### Exercise aim
Would you transcribe exactly the lines from the one containing "650 NE 32nd Street Miami FL 33137" to the last line of the data below, both ends included, but none of the pictures?

^^^^^^^^^^^^^^^^

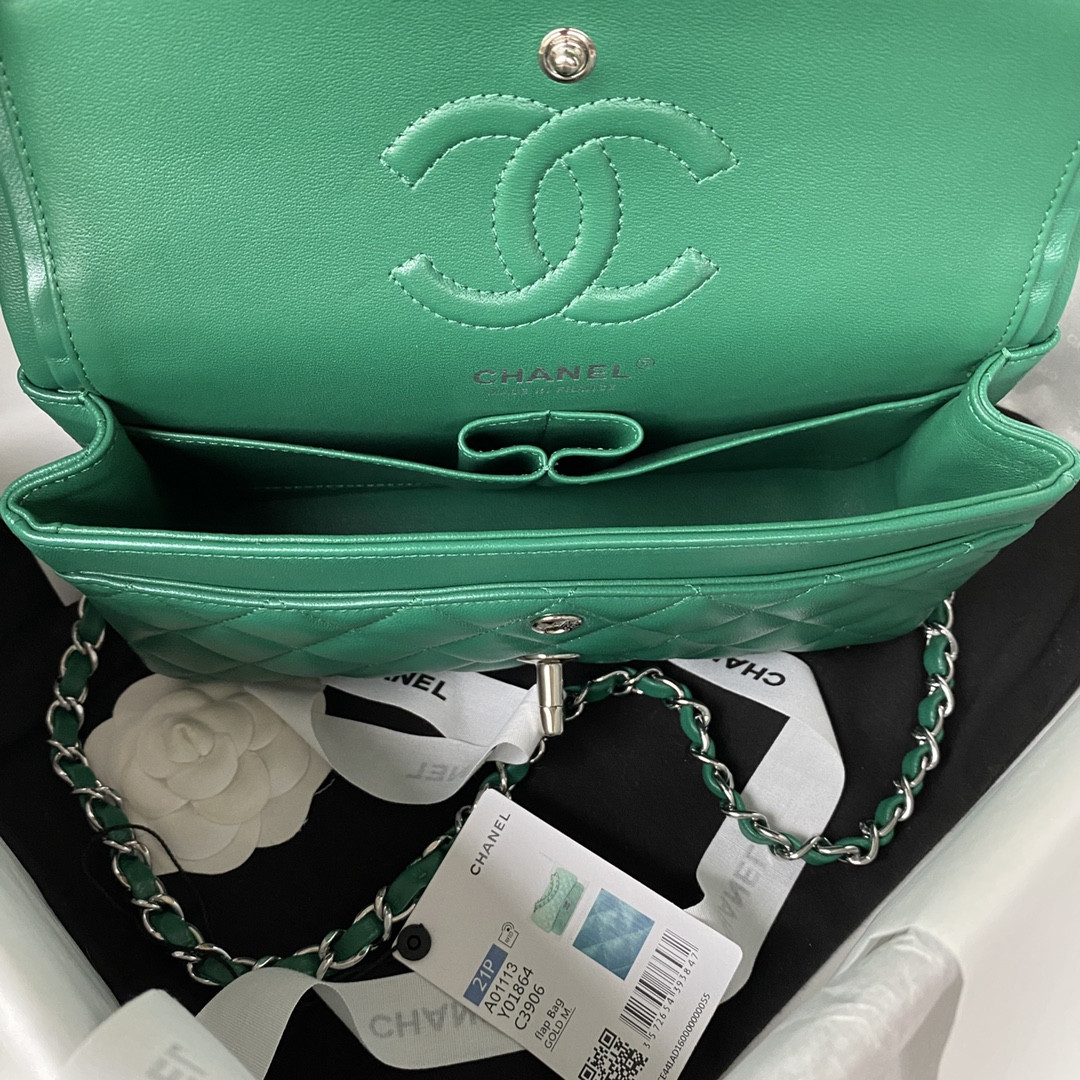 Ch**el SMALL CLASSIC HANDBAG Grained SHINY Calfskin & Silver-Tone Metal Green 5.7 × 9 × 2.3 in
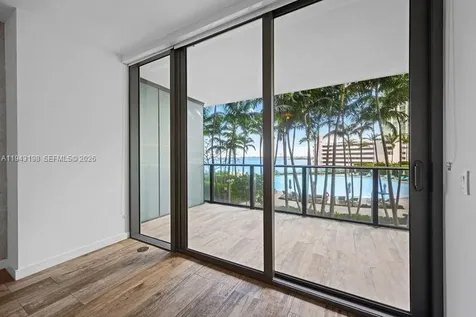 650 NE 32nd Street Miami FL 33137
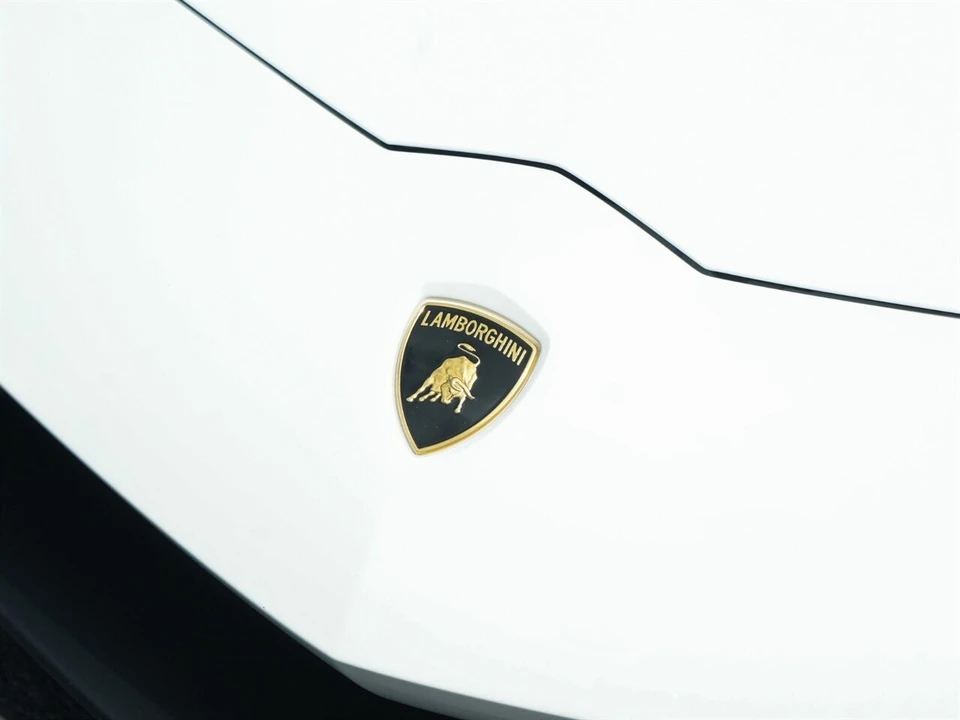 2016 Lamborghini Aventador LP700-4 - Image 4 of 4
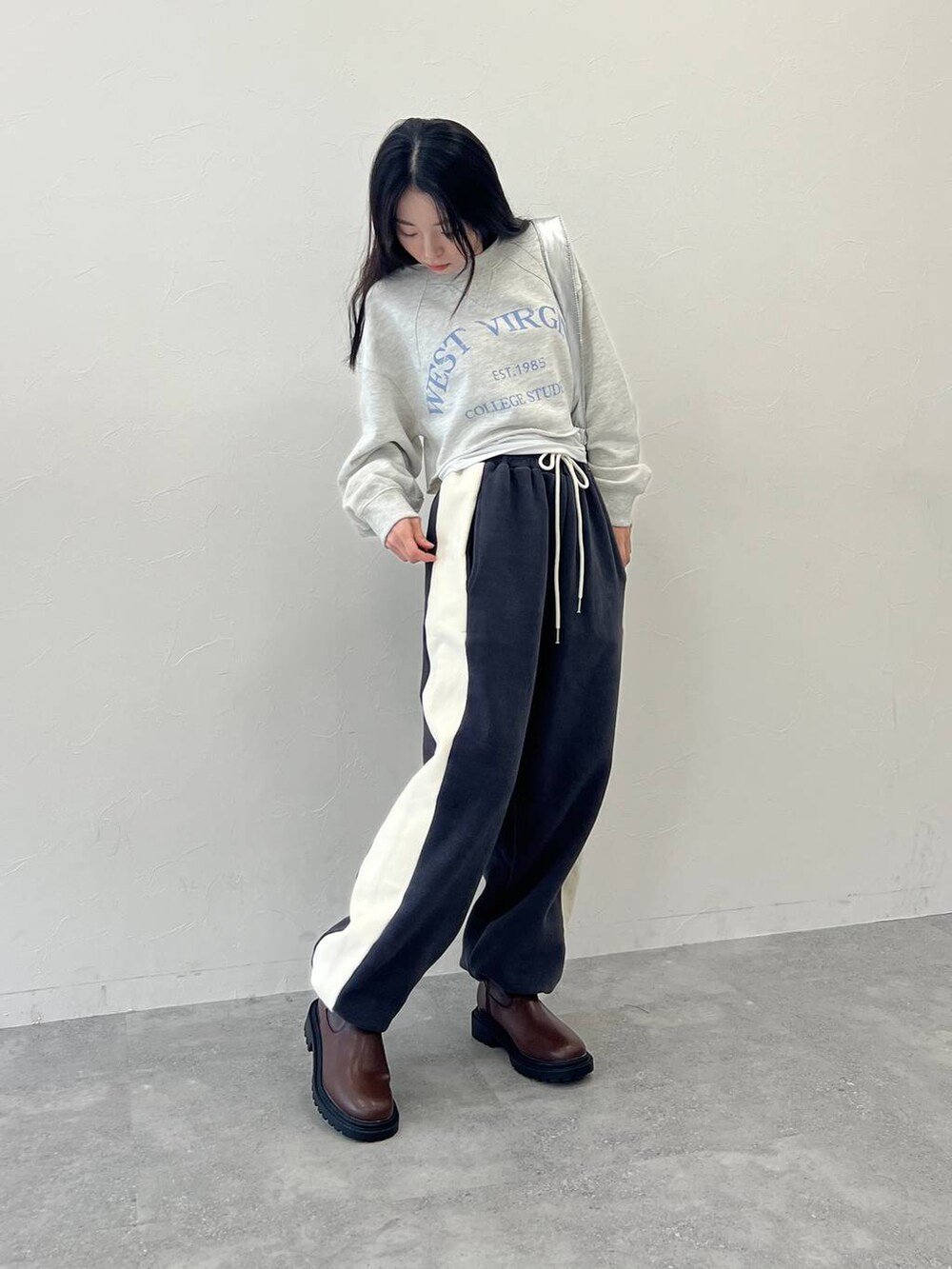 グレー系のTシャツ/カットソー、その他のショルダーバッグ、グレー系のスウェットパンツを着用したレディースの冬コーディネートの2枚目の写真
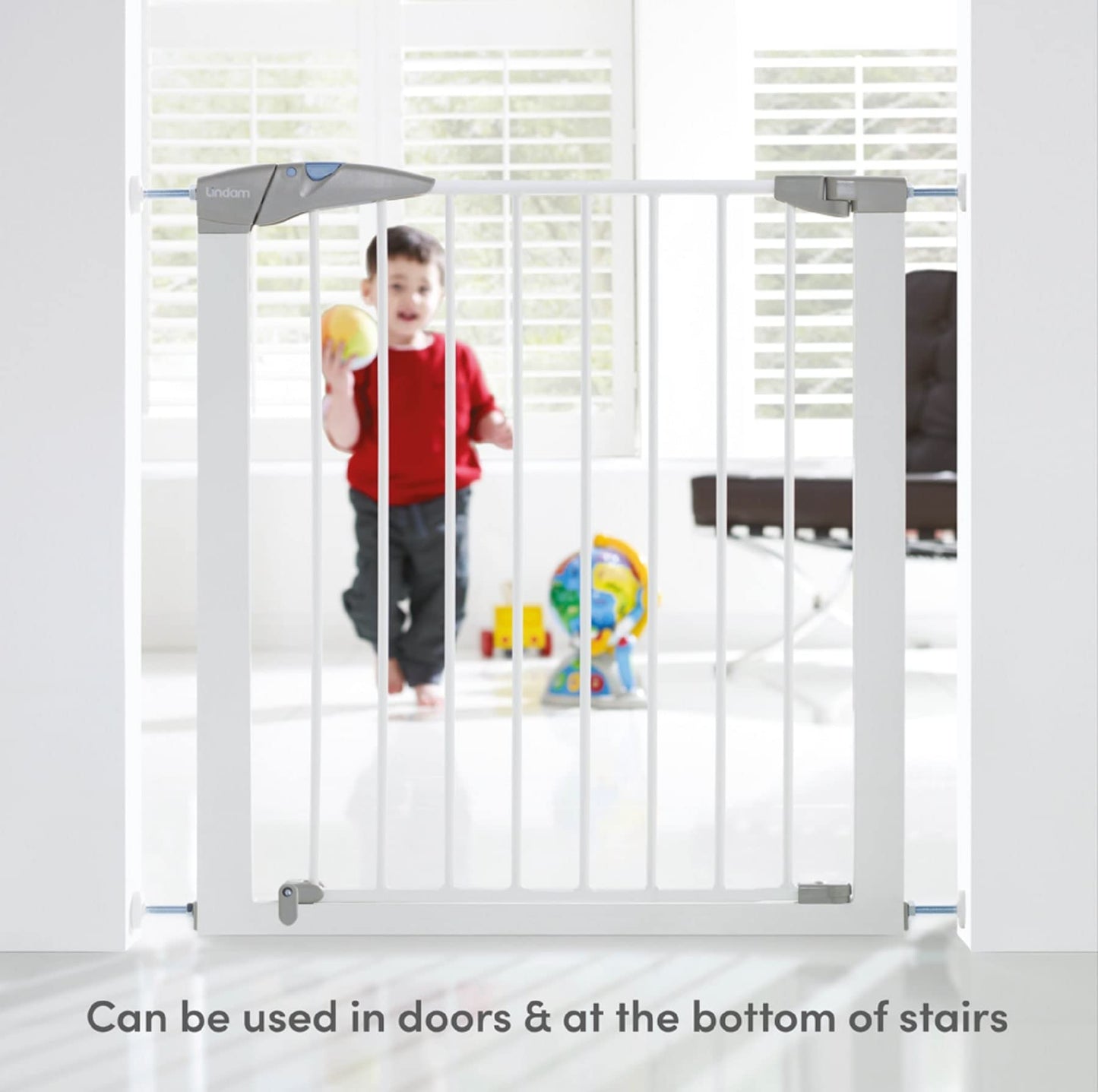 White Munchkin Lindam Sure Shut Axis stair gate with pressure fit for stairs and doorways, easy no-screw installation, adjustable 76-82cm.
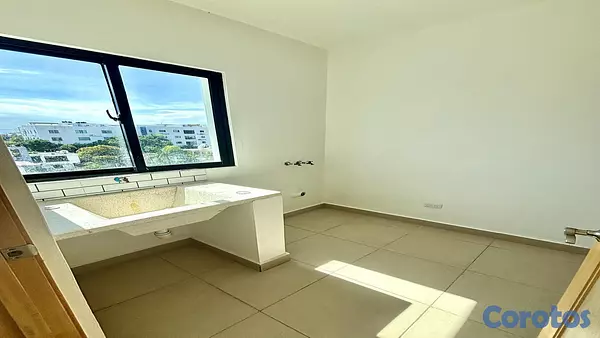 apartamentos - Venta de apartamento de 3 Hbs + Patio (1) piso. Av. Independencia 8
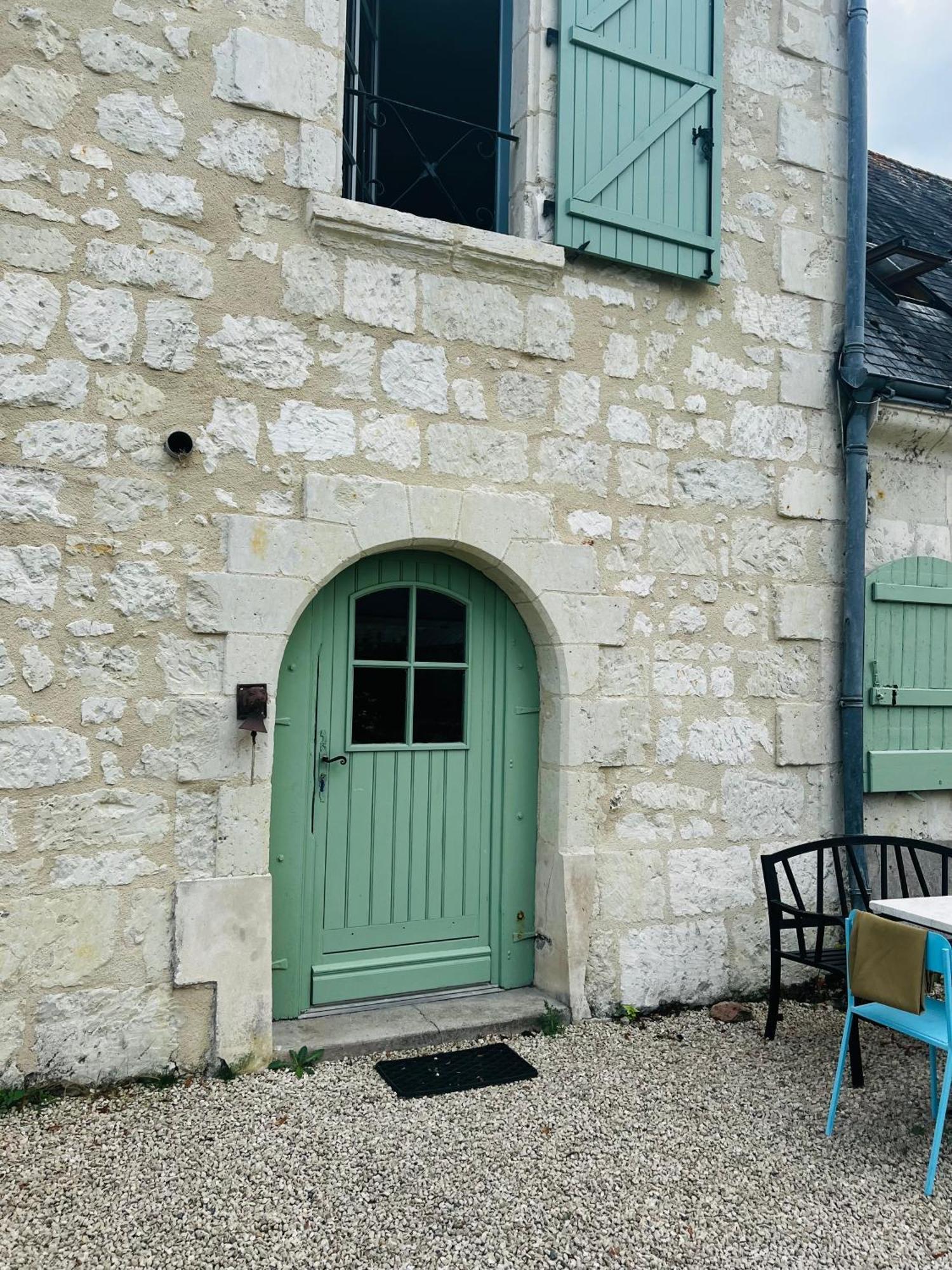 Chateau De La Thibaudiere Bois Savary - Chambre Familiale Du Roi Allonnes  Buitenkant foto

^^^^^^^^^^^^^^^^

### Answer to the problem
 650 NE 32nd Street Miami FL 33137
 2016 Lamborghini Aventador LP700-4 - Image 4 of 4
 グレー系のTシャツ/カットソー、その他のショルダーバッグ、グレー系のスウェットパンツを着用したレディースの冬コーディネートの2枚目の写真
 White Munchkin Lindam Sure Shut Axis stair gate with pressure fit for stairs and doorways, easy no-screw installation, adjustable 76-82cm.
 apartamentos - Venta de apartamento de 3 Hbs + Patio (1) piso. Av. Independencia 8
 Chateau De La Thibaudiere Bois Savary - Chambre Familiale Du Roi Allonnes  Buitenkant foto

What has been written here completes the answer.